◆ Task to carry out ◆
The whole listing, exactly as given: write it out, leaving out each image.

◆ Dataset content ◆
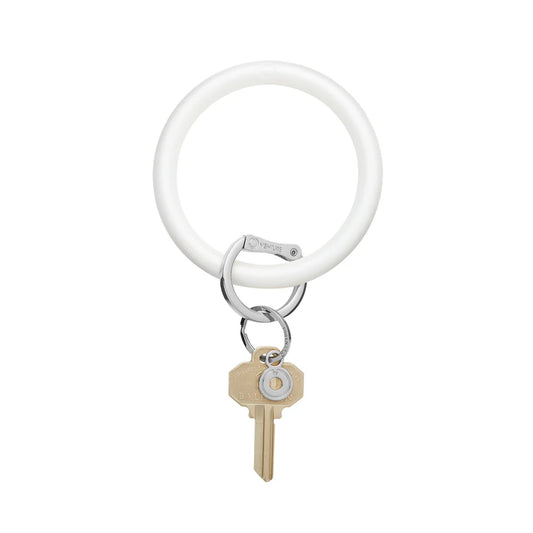 Silicone Big O Key Ring Marshmello Pearlized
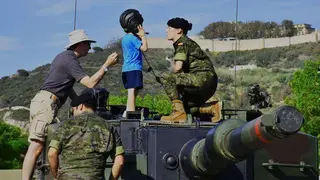 exposici&oacute;n militar
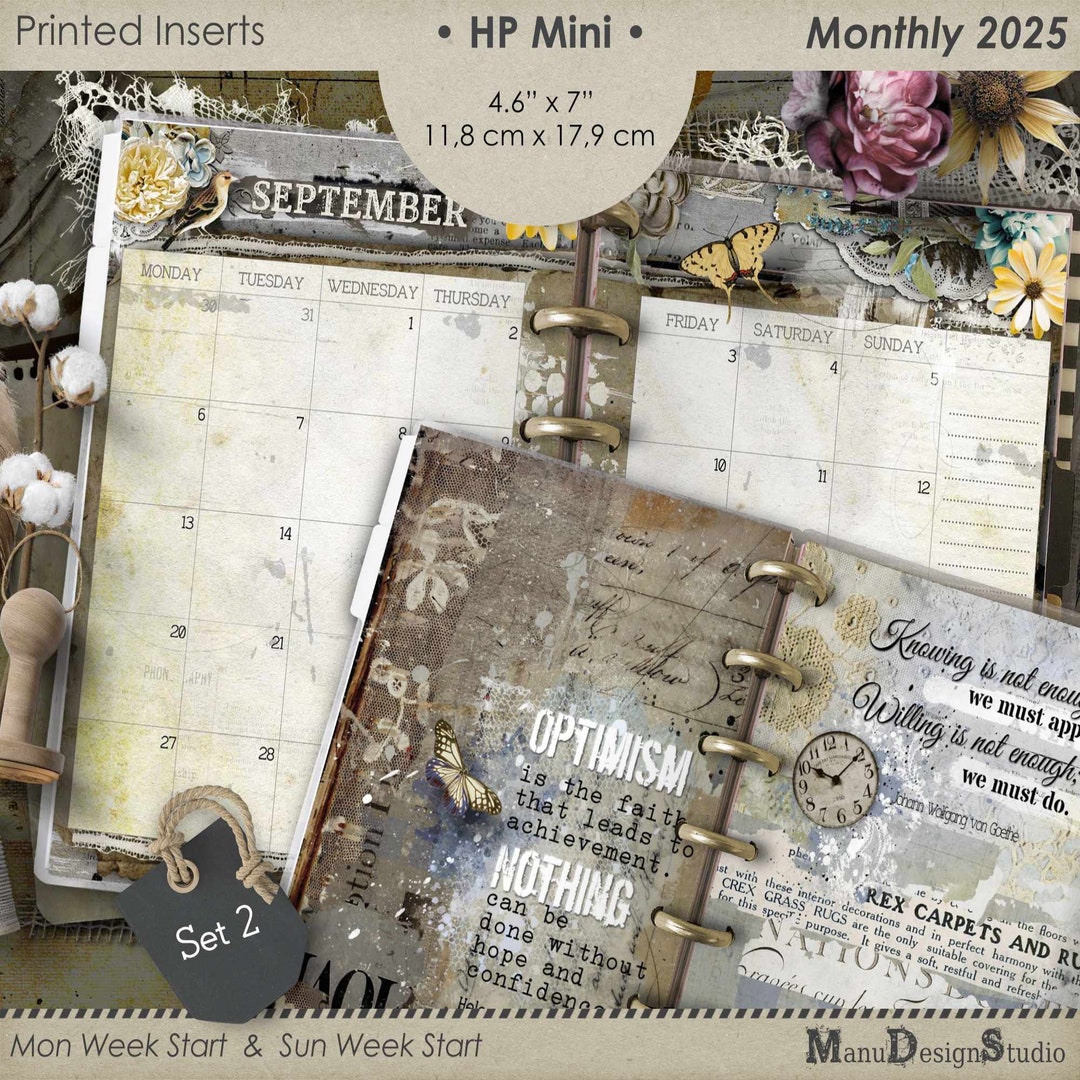 Happy Planner Mini Monthly Refill 2025 No.2 - Etsy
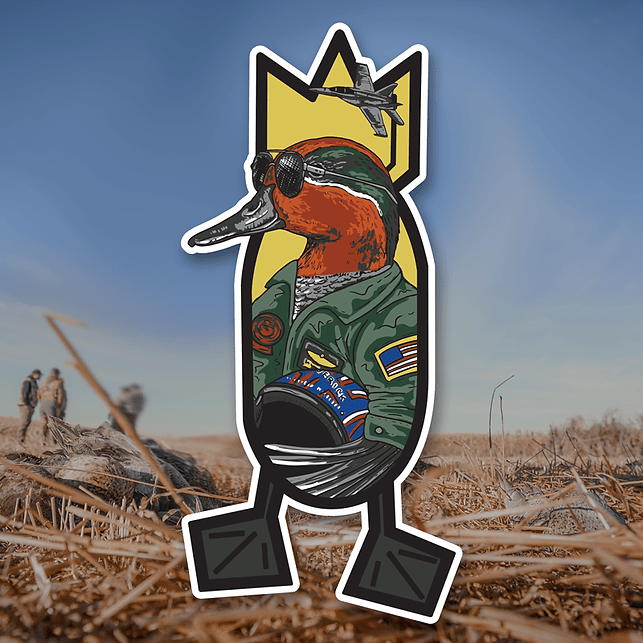 Top Gun Teal 5" Decal Dive Bomb Industries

◆ Written answer ◆
 Silicone Big O Key Ring Marshmello Pearlized
 exposici&oacute;n militar
 Happy Planner Mini Monthly Refill 2025 No.2 - Etsy
 Top Gun Teal 5" Decal Dive Bomb Industries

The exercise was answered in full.